Когда Пророк поравнялась с Сыном, стало очевидно, что она немного выше него. Он что-то тихо ей говорил, а она чрезвычайно преданно, с какой–то самозабвенной радостью отвечала. Другие наверняка подумали, что он дает ей какие–то указания – как же может быть иначе! Но Тереза Шаут не была бы советником безопасности первого уровня, если бы не заметила, что Сын советуется с этой хрупкой девушкой. Когда-нибудь она обо всем узнает. После недолгого разговора с Сыном Пророк легко и непринужденно направилась к советнику. Эту девушку при посещении мастерской Тереза предпочитала не замечать, но теперь, когда янтарные глаза смотрели на нее, это было невозможно. Она улыбнулась, приглашая Терезу выйти. За дверью та отряхнула пыль, которая послушно, в отличие от пыли на одежде Терезы, покинула голубой брючный костюм, который прибавлял Пророку пару лет для солидности.
Про нее ходили немыслимые слухи. Люди рассказывали о сотворенных ею чудотворениях, в которые верилось с трудом. Она даже остановила кровопролитие в родном Йоханнесбурге, который захлестнула неконтролируемая война преступных группировок (это все, что удалось департаменту Терезы выяснить о Пророке). После того, как в городе установился мир, советник искренне выражала признательность своему коллеге в ЮАР за возвращение стабильности – до тех пор, пока секретный агент №108 не вернулся с места конфликта с очень странным рапортом.
Он работал под прикрытием в группировке с пошлым названием «Падшие Ангелы», члены которой своими зверствами полностью оправдывали это имя. Он рассказывал, что во время жесткой схватки за главенство в центральном районе города, на которую умудрились пригнать даже танки, Пророк внезапно появилась на раскуроченном остове одного из них. Ее голос разнесся по площади и прилежащим улицам, проникая через стены домов и подвалов в само сознание, в само сердце, призывая всех сложить оружие, отбросить вражду, обратиться к свету Сына и последовать за Ним. Агент передавал, как они с другими членами группировки переглядывались и медлили с решением. «Чего хочет эта девчонка?» – удивлялись они. Но голос Пророка все нетерпеливее впивался в глубины души, призывая к миру.
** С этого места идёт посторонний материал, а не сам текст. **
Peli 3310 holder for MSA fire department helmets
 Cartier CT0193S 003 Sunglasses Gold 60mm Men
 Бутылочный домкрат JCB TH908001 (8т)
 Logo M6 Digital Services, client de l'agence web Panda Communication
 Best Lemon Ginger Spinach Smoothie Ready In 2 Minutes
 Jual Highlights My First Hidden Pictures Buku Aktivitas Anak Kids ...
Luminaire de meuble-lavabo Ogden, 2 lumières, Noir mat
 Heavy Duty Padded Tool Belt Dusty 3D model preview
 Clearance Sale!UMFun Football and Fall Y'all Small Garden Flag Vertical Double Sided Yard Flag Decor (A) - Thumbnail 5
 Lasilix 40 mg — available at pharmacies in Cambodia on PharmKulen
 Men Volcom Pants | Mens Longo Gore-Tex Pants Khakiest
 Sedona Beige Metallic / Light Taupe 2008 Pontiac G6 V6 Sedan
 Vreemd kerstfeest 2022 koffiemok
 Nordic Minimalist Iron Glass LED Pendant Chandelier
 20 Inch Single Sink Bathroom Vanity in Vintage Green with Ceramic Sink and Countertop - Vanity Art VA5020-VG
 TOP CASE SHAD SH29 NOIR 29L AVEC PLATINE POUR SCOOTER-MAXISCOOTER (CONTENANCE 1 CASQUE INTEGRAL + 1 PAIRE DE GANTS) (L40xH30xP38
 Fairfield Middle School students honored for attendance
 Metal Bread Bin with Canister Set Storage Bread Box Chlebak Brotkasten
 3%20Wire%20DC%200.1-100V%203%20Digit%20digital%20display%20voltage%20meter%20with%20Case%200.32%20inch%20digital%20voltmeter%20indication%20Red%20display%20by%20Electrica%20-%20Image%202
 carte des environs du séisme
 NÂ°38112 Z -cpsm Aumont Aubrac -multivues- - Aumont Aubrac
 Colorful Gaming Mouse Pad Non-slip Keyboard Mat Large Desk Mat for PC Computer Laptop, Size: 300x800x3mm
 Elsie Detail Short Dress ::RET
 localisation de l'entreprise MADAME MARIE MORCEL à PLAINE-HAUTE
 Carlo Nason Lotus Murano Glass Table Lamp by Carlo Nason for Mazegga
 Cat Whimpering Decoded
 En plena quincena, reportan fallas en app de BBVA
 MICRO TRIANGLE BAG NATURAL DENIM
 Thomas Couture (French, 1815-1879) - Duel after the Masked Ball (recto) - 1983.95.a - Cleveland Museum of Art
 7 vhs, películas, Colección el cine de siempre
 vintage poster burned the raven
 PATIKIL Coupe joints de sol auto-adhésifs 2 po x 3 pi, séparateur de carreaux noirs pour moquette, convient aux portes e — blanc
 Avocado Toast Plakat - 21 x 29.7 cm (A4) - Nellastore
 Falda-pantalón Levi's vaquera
Агент №108 склонился перед ним, и его сердце наполнили мир и покой, а вот его подельники, которые не торопились открыться призыву, сошли с ума. Простые люди с радостью встречали освободительницу, возвещающую мир, сразу же забыв о сошедших с ума и превратившихся в овощи представителях отребья гордого города Йоханнесбурга.
Тереза считала, что эта история, без всякого сомнения, имела счастливый конец: бандиты наказаны, мирные жители спасены и благодарны. Только сила в этой девчонке была действительно страшная, и если Сын все же жалел их, ожидая, что остальные мировые политики однажды дорастут до Него, то в Пророке она не была уверена. Терезе все время казалось, что эта хрупкая девушка сомнет их и не заметит, по-прежнему оставаясь внешне исключительно искренней и доброжелательной. Даже слишком искренней в своем служении Сыну. В любом случае, требуются дополнительные сведения о чудесах Пророка, которая, казалось, как и Сын, совершенно не торопится информировать мировую общественность о подлинных возможностях своей силы. С этим Тереза была не согласна. Столько проблем можно было бы решить, если форсировать рост международного авторитета этой пары! Недавно она хотела предложить Ему такой план, но потом поймала себя на опасении, что, подобно Пророку, позволяет нетерпению взять верх над собственной врожденной рассудительностью. Эта мысль ее остановила.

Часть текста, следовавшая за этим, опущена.